Armour vs damage is only flat reduction up to half of the enemies damage. If you go beyond that, it reduces less and less damage from each hit. You do get immensely stronger with skill levels and those can be pretty important to e.g. reach damage stagger level. When you play in the plains, you can have close to a 100% damage bonus compared to when you started the game as a bonus on top of the gear upgrades you've got and probably also quite a bit of bonus to block if you went into that a lot. If the bow is you main weapon, you also get a ton of attack speed and even more stamina reduction than other weapons get. On top of that dodging with movement gets easier when your sprint and jump skills get higher.
If you die a lot though or don't intend to change things up after a death and learn more mechanics or ways to combat other than hitting block and follow with a 3 hit combo and always play by that formula instead of reacting to enemy movement or severity, you will probably never reach higher skill values or new tactics and have to grind up every bonus you can to progress. The new world modifiers can change a lot though, both due to being able to nerf enemies and death penalty.
You get skills for hits landed on creatures (for most of them) and their deaths grant nothing more than the loot (no matter what killed them). Tanky creatures and bosses can grant quite a lot of skills levels, especially when you are using a new weapon with very low skill. I think I got close to 30 skills levels when I used fists first on Yagluth.

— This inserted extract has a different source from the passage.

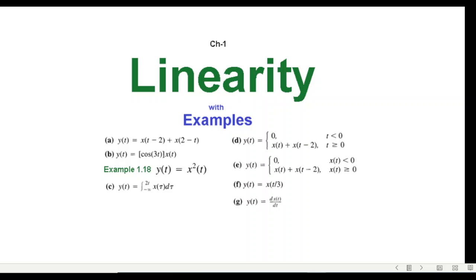This is another video on the properties of systems. Here we'll be discussing the linearity property with the help of about eight examples. I'll have timestamps at the bottom so if you want to skip a particular portion you can do that.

Basically for each boss head you collect, monsters are more likely to spawn as 1+ starred monsters. In addition new monsters and raid types are added to base raids. With their frequency increasing slightly.
All the passage of time does is roll for the next raid. Otherwise you could spend 100 days never leaving meadows and the game will never get any harder than what you've already experienced.
1). meadows
2). black forrest
3). swamp
4) mountain ( snow )
5). plains
6) mistland
7). Ashland ( not in the game yet )
The above is how you are supposed to advance in the game.
If you example go from meadows to 4 mountains you will die all the time, but if you go 1-2-3-4 then you have a chance since you level up and get better gear and also potions to survive in the cold weather ect.
In general nobody push you forward and you can go forward slow and take your time to explore or build stuff, its up to you ;-)
An imortant tip.. Get a shield if you block the enemys attack and then attack him back.
its a good strategy. Also hit and run is good sometimes. And if you find a big powerfull enemy then you can lure them away from an area and example make them stand over a firrepit OR drawn them towards other enemys that might attack them.
Example swamp enemys do not like enemys from black forrest and might fight each other.
And avoid going out at night, sleep ;-)
Weapons, on the other hand, you need to keep up to date. Always have the newest shiniest instrument of death in your hand.
Swamp gets even more complicated:
I have one "swamp area" that spawns a crap ton of leeches; any time I need more of their drops, I go to "that swamp".
A different one had like 7 crypts near to each other - yowza! More recently I found one that had multiple fire / spawn sites. Now depending on what resource I need, I go hunting in "that swamp".
For me a lot of swamp survival (and this has turned out to be true with each new biome) was getting over the "hair on fire/mad scramble to press all the keys/accomplish nothing".
Situational awareness, and having the thought in mind that "if X happens, I'll do Y" and "any time I find myself thinking 'oh sh*t' I will hit the bonemass" helped a lot.